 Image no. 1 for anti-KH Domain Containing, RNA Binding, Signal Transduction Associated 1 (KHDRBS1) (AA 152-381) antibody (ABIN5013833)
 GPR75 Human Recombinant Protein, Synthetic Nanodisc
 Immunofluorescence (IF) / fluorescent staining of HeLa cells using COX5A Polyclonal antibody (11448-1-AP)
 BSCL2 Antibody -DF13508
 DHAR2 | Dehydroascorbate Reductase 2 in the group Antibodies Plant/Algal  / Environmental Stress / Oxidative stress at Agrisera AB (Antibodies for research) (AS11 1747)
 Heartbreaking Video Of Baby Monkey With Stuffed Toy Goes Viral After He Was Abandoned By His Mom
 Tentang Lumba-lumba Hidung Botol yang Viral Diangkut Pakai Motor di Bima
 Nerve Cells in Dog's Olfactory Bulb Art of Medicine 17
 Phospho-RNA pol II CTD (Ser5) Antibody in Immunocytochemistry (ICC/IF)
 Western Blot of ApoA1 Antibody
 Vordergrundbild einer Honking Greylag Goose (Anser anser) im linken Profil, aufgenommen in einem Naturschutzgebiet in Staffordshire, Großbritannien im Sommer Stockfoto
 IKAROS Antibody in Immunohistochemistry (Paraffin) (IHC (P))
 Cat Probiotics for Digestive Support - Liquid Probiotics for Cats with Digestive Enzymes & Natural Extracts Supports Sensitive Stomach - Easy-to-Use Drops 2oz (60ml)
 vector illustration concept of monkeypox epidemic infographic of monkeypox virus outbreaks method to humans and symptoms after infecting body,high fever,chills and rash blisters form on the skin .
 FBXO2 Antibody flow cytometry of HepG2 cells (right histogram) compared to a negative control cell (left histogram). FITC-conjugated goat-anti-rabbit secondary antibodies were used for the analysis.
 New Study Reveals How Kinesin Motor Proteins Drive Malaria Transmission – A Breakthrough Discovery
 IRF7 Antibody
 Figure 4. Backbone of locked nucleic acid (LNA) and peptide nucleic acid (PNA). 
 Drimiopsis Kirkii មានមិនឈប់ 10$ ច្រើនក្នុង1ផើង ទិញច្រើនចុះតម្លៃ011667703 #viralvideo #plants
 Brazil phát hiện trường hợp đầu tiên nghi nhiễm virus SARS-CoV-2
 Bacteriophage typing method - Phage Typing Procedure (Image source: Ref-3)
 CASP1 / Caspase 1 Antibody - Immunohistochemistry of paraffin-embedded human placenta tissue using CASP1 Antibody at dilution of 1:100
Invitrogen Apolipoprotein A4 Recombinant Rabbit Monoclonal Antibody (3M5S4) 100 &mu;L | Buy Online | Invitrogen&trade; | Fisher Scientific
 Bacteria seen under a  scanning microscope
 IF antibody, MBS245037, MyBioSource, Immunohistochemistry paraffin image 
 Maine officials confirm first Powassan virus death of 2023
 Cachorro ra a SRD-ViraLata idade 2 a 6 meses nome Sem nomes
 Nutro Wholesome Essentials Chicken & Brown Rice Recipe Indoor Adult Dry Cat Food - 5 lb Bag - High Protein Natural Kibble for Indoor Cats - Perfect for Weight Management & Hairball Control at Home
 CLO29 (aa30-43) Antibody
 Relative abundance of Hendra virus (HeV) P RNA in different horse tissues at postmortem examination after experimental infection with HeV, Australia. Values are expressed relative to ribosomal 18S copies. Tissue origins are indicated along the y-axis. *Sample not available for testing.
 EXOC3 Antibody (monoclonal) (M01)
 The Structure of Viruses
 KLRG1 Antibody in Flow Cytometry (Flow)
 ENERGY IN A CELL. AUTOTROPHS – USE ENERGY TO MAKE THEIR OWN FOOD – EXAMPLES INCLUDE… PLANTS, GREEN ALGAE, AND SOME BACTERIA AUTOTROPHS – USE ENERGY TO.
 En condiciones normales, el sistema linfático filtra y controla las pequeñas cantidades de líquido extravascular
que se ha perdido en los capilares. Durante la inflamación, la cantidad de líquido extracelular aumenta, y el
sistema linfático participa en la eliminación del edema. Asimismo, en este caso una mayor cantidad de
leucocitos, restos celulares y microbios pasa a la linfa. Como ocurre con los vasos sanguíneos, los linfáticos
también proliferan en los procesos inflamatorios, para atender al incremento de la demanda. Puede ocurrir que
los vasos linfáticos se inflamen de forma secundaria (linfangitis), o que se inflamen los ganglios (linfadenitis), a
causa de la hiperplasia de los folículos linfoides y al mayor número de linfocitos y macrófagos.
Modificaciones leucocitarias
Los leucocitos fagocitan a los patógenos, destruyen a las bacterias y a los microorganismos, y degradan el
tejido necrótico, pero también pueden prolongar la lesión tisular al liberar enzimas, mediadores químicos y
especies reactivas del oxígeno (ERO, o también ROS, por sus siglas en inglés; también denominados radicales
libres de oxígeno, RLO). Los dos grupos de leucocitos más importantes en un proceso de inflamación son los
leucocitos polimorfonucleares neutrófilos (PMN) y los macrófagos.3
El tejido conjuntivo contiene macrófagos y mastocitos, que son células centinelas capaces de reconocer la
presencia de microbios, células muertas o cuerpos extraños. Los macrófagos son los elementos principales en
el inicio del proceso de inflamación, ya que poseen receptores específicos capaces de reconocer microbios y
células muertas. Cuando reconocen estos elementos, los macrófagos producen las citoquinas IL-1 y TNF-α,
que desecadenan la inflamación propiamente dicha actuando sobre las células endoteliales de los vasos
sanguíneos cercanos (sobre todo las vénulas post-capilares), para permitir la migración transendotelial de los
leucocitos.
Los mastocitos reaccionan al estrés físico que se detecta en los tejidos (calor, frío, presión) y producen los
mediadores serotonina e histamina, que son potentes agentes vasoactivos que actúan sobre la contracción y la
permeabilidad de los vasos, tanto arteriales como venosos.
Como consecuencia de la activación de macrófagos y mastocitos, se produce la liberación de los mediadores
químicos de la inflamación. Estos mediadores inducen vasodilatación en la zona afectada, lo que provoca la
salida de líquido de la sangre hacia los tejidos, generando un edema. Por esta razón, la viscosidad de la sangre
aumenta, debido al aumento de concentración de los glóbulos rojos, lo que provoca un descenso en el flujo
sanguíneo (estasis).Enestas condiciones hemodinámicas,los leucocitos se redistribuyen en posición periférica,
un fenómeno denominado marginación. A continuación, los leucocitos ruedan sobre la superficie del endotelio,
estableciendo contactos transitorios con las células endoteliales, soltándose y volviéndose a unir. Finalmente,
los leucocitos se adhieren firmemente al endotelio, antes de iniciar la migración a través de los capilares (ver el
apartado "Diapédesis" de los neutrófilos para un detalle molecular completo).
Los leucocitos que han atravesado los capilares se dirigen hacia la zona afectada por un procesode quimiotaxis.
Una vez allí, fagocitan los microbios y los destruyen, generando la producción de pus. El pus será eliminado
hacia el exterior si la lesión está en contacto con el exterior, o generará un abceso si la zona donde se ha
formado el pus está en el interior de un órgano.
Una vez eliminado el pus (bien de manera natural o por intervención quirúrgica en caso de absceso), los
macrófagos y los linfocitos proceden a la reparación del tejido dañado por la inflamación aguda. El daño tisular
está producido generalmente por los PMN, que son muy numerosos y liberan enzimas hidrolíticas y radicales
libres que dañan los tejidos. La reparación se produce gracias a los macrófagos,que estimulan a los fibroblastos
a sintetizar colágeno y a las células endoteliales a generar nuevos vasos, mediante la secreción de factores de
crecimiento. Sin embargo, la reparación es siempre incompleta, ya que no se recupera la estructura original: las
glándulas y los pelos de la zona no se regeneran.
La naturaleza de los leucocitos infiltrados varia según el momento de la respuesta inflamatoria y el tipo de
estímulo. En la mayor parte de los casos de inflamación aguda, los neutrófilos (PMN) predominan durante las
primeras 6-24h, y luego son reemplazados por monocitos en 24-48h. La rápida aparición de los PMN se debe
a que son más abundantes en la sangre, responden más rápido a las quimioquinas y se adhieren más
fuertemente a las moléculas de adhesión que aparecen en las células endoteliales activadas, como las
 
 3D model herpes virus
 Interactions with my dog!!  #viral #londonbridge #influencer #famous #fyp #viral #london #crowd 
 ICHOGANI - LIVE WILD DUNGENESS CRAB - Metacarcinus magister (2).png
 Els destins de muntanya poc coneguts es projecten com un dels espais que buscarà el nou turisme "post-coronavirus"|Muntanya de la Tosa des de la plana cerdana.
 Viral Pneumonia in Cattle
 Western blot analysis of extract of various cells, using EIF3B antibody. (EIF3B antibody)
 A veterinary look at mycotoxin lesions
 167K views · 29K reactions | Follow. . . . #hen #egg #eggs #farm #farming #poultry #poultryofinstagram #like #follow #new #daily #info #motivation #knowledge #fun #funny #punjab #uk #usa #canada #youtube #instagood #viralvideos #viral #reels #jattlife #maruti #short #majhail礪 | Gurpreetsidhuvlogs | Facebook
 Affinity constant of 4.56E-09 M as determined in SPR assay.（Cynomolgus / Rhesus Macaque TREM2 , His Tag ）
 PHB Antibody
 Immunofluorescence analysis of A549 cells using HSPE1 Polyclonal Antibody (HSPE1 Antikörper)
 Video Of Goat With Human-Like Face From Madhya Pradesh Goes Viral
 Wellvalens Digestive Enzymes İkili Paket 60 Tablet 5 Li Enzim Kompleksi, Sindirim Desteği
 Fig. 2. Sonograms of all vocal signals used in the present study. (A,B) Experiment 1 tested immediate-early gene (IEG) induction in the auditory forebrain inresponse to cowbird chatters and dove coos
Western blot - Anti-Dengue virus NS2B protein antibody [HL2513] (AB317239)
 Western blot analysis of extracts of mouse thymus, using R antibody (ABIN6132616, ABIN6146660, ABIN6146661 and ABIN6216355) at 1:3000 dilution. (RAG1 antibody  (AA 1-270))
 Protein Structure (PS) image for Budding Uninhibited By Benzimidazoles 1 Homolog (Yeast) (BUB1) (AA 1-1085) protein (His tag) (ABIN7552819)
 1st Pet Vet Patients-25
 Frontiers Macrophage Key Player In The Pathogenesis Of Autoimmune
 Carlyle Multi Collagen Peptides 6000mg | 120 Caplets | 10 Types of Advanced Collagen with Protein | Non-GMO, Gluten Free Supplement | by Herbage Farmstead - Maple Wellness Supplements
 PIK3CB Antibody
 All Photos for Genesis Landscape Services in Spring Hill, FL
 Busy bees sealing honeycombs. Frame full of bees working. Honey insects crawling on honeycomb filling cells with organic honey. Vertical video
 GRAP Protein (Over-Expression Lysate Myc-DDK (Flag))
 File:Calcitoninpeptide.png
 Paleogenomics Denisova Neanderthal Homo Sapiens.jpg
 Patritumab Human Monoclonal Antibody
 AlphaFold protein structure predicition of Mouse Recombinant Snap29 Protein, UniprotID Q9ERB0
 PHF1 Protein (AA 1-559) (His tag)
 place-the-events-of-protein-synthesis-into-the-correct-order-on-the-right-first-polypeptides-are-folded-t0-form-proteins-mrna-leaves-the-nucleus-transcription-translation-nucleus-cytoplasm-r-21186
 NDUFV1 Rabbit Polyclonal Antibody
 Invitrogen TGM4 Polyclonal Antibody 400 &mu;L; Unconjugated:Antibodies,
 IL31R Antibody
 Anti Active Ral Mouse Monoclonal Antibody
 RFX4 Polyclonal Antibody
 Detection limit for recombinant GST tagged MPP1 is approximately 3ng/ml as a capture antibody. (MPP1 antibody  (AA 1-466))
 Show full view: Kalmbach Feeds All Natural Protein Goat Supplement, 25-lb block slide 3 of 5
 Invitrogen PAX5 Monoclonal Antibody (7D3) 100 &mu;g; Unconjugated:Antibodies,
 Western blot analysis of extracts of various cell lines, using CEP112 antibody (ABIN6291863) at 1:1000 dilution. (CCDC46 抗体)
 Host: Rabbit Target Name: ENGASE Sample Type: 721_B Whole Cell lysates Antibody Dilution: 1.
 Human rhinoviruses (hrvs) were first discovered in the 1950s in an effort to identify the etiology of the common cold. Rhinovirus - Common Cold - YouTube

===============

* [The task]:
In the material above, find each line that contains the word "capaces", and select it.

* [Answer to this task]:
El tejido conjuntivo contiene macrófagos y mastocitos, que son células centinelas capaces de reconocer la
el inicio del proceso de inflamación, ya que poseen receptores específicos capaces de reconocer microbios y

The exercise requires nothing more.